「ランドログ」で
エコシステムを構築する
北川 『ビヨンド・デジタル』の中では、企業変革の必須要件として7つの項目を挙げていますが、そのひとつに「エコシステムを作り上げること」があります。そして、その先進的な事例として、御社が立ち上げたオープンプラットフォーム「ランドログ」を取り上げています。スマートコンストラクションを推進していくに当たって、エコシステムという発想はどこから出てきたのでしょうか?
四家 Komtrax(コムトラックス)という、コマツ独自の建設機械のIoTサービスがあります。これは、建設機械に双方向の通信設備を搭載することで、遠隔からでも建機の稼働情報確認やエンジンロック操作を行えるもので、現在、全世界で稼働している約68万台(22年5月末時点)のコマツ製品に装備されています。世間的には、Komtraxは建設機械のデジタル化の成功事例として紹介していただくことが多いのですが、実は我々にとっては反面教師的な面もあるのです。
Komtraxは、建設生産現場にあるコマツの建機が、コマツのアプリケーションによって、コマツのサーバーとつながっている、言うなれば垂直型のシステムです。同じ現場で稼働している他社の建機のことはわからない閉鎖的な仕組みであるため、プロセス全体の最適化には不向きでした。現在は、海外現地法人や代理店が、容易に自前のアプリケーションにKomtraxデータを活用することが可能な新たなKomtraxに進化していますが、従来はKomtraxのデータを使ってほかのアプリケーションを作りたくても実現が難しかった。
そこで新しく始めたスマートコントラクションやランドログでは、コマツの建機だけではなく、建設生産現場にあるすべての機械、材料、人などをつないで巨大なシステム、すなわちエコシステムを作り上げることを目指したのです。
北川 クローズドなシステムではなく、もっとオープンなものにしていこう、と。
四家 そうです。ただし、オープンなシステムにおいて、最もコアなところは自分たちで持たなければ、という意識も強くありました。

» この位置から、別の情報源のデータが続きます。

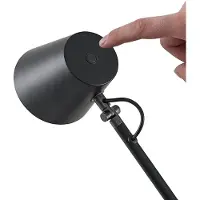 LUCANDE LED-bordlampe Tarris, høyde 46 cm, svart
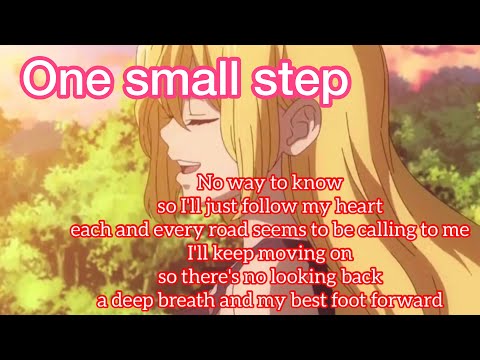 Dr. STONE /ost【 One Small Step 】ryrics  /Lillian Weinberg /Laura Pitt-Pulford /ドクターストーン リリアンワインバーグ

それこそが、プロセス全体を可視化して課題を発見するためのアプリケーションであり、それは我々が独自に開発してソリューションに組み込んでいます。
北川 オープンなプラットフォームにおいては、顧客の都合や要望次第では、コマツ以外の建機を使用する状況もあり得ます。そうなると、コマツ社内のほかの部門とのコンフリクトが生じてしまうおそれもありますが、実際のところはどうなのでしょう?
四家 発生し得るコンフリクトについても、社内で議論がありました。例えば、建設生産活動を可視化するには、すべての機械をデジタル化しなければなりません。とはいえ、現場で稼働している建機をすべて、ICTに対応した最新のものに買い替えてもらうわけにはいかないので、既存の建機に後付けできる安価なキットを開発して販売しました。それに対して、「そんな安いキットを売ったら、新しい建設機械を買ってもらえなくなるじゃないか」という声が上がったりしました。また、我々はお客様の生産性向上を目指しているのですが、「生産性が上がったら、建設機械の必要台数が減るから、売れなくなる」という意見が出たこともあります。
新しいことをやるときには、必ず利害の衝突が生じます。ただ、当社の場合、経営トップである社長が「そうした話はしない」と決めて、動きはじめたことで、その影響は最小限に抑えられていると思います。また、我々がやらなかったとしても、近い将来、誰かが建設生産活動を効率化するアプリケーションを作り、その結果として使用される建機の数が縮小していくかもしれません。「だったら、いち早く自分たちでやっていこう」「自分たち自身で、破壊的なイノベーションも起こしていこう」というメッセージも、社長が繰り返し発していました。